Although the Army is adept at supporting operations within this environment, logisticians have lost proficiency in conducting logistics operations in high-intensity conflict. In this type of conflict, logisticians support the offensive and defensive operations of large mechanized maneuver formations, using lines of communication that may span more than 50 kilometers from the brigade support area to the customer, and require the brigade support area to move repeatedly.
The tactics team of the Basic Officer Leader Department, or BOLD, at the Army Logistics University at Fort Lee, created a field training exercise, known as an FTX, that incorporates the decisive action training environment to teach junior logistics officers how to support in this environment. The training also adapts the outcomes-based training and education model used at the National Training Center, known as NTC, at Fort Irwin, Calif.
The decisive action training environment, or DATE, involves a hybrid threat and the complexities the Army faces while fighting potential adversaries in the 21st century. It combines intricacies of threats woven into one dynamic environment. U.S. forces conduct combined arms maneuver with near-peer conventional forces and wide-area security in an environment that includes guerrillas, insurgents, criminals, and humanitarian crises.
The FTX's road to war, enemy situation, and cultural considerations all correspond to the NTC operational environment. In addition to using the DATE, the scenario incorporates the NTC operations group's decisive action scenario design and applicable doctrine.
THE BOLD FTX
The BOLD FTX started as a limited pilot program in January 2013. It stemmed from a concept to immerse young quartermaster, transportation, and ordnance officers in a contemporary, dynamic, and fluid operating environment that fosters creative and adaptive leadership. As of October 2013, all junior logistics officers are required to participate in the BOLD FTX.
The exercise's structure, content, and evaluation process are designed to meet the desired outcomes of each branch's Basic Officer Leader Course, or BOLC, with respect to tactical and technical training. The result is an FTX focusing on the officer's ability to communicate effectively, work as part of a team, and lead in an austere and rapidly changing tactical environment.
In order to build creative and adaptive leaders, the exercise embraces the concept of mission command. All students are trained in or introduced to FTX tasks before executing them. Information pertaining to the overall situation and operational environment is either briefed or readily available. Mission sets given to the students contain the essential elements of information and little more.
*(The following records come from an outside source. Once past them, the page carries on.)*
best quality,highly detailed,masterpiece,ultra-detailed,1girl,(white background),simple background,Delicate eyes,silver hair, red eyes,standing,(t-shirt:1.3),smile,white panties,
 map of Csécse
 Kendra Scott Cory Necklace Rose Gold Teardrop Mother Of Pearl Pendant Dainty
All students learn the skills required for the BOLD FTX in the second and third weeks of BOLC, during the tactics block of instruction. During tactics, students receive reference materials, read-ahead sheets, and access to short videos familiarizing them with concepts and equipment (for example, how to use a sand table and the gunner restraint system). By combining this training with the mentorship of their training, advising, and counseling officer during preparation, the students arrive at the FTX fully prepared to execute the mission.
Students execute a series of logistics-focused missions in a fluid environment during the BOLD FTX. Cadre tailor the mission sets to the classes participating. For example, more quartermaster missions take place during quartermaster-heavy BOLC classes, while more transportation missions are done for transportation-heavy classes.
The students receive their missions through various methods, such as mission orders, video messages, simulated news broadcasts, radio communication, and commander's guidance. By changing the method of delivery for the mission, students build awareness of the complexity of the modern battlefield and the manner in which the mission may reach a unit.
Regardless of delivery method, the information contained in the mission is limited to the task, purpose, location, and time of execution. The sparse amount of information forces students to think creatively in order to fill in the blanks without assistance from higher headquarters.
Students from various combinations of logistics branch classes are organized into three platoons under a forward support company, known as an FSC, supporting an infantry battalion. During the FTX, each platoon is in one of the three rotational cycles: the tactical operations center, or TOC, cycle; the planning cycle; or the mission cycle.
During the TOC cycle, a platoon executes mission command and controls operations from the FSC command post, or CP. When available, a captain from the Combined Logistics Captains Career Course plays the FSC commander and facilitates mission command by giving directions, advice, and orders to platoons. Cadre select student leaders based on student needs and the goal of giving each student several leader assessments.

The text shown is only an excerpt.